Thousands of protesters gathered Tuesday evening outside of L.A. Mayor Eric Garcetti’s home as he addressed Angelenos and called for peace following several days of local demonstrations and a citywide curfew sparked by looting and violent protests.
“I hear you that this isn’t just about the criminal justice system. This is also about society and where we put out resources,” Garcetti said at an evening news conference away from the protests.
Garcetti said he has spent the last several days having conversations with elected officials, community leaders and young people who are “demanding that I, and we, collectively do better,” following the death of George Floyd.
On Tuesday evening, Garcetti shared his podium with Davion Pilgrim, a 16-year-old student from Morningside High School in Inglewood, who was recently stopped by police, and racially and criminally profiled.
“I was accused of being associated with a gang and that really hurt, because that’s not me,” Pilgrim, who is an athlete and “God-fearing,” said. “We want to make sure that what happened to George Floyd does not ever happen to someone who looks just like me.”
Garcetti said Los Angeles has two choices: hopelessness or hope.
“Tomorrow we have a choice to make. I have a choice to make. I choose to listen and move forward, and bring this city together to build peace on our streets and in our neighborhoods,” Garcetti said. “George Floyd died in our America so that we may make sense of our future to make sure that we never see that again.”
In an effort to keep the peace on the streets, a countywide curfew went into effect for the third day at 6 p.m. Tuesday through 6 a.m. Wednesday. Garcetti said the decision to extend the curfew is being made on a day-to-day basis.
“I need to protect all Angelenos. I need to protect protesters. I need to protect police officers,” Garcetti said. “My hope in my heart is that as soon as we don’t need that curfew we can get rid of it.”
The thousands of protesters who made their way to Garcetti’s house in Hancock Park remained until about 7:30 p.m., but many quietly dispersed.

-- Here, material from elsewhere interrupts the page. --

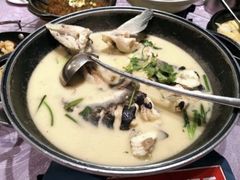 -饭怕鱼(阳光100店)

Earlier Tuesday, thousands of protesters peacefully gathered for several hours around Hollywood and in downtown Los Angeles.
“I’m proud of the protesters across the city, who are peacefully expressing themselves,” Garcetti, who also joined protesters outside of City Hall and took a knee, said. “I knew some people would be happy to see me, and others might be upset at this moment and need to yell at me. Both of those things happened.”
From 9:30 p.m., police were seen taking dozens of protesters who remained in the street into custody at the corner of Eighth Street and Lorraine Boulevard, a few blocks from the mayor’s residence.
Police continued arresting dozens of people and loading them onto at least four L.A. Sheriff’s Department buses until past 11 p.m. at 8th Street and Crenshaw Boulevard in Mid-Wilshire.
Garcetti said 1,000 National Guard troops were deployed in West Los Angeles, Central Los Angeles and downtown near protest hot spots to monitor the protesters crowds and protect businesses.